Start of Task material
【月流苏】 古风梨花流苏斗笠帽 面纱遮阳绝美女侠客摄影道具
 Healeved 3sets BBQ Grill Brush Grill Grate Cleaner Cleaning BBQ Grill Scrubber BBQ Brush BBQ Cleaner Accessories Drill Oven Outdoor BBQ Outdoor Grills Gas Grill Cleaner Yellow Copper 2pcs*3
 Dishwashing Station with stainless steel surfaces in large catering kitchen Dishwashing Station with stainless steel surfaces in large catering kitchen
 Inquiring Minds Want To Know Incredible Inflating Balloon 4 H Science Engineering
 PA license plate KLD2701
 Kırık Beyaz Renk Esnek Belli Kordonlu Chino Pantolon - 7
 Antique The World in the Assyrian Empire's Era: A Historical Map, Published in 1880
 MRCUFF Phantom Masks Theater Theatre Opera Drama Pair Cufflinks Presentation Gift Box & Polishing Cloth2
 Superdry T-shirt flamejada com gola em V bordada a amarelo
End of Task material
At the line containing "Antique The World", start copying. Continue exactly through the final line of the entries above and stop there.

Answer to the problem
 Antique The World in the Assyrian Empire's Era: A Historical Map, Published in 1880
 MRCUFF Phantom Masks Theater Theatre Opera Drama Pair Cufflinks Presentation Gift Box & Polishing Cloth2
 Superdry T-shirt flamejada com gola em V bordada a amarelo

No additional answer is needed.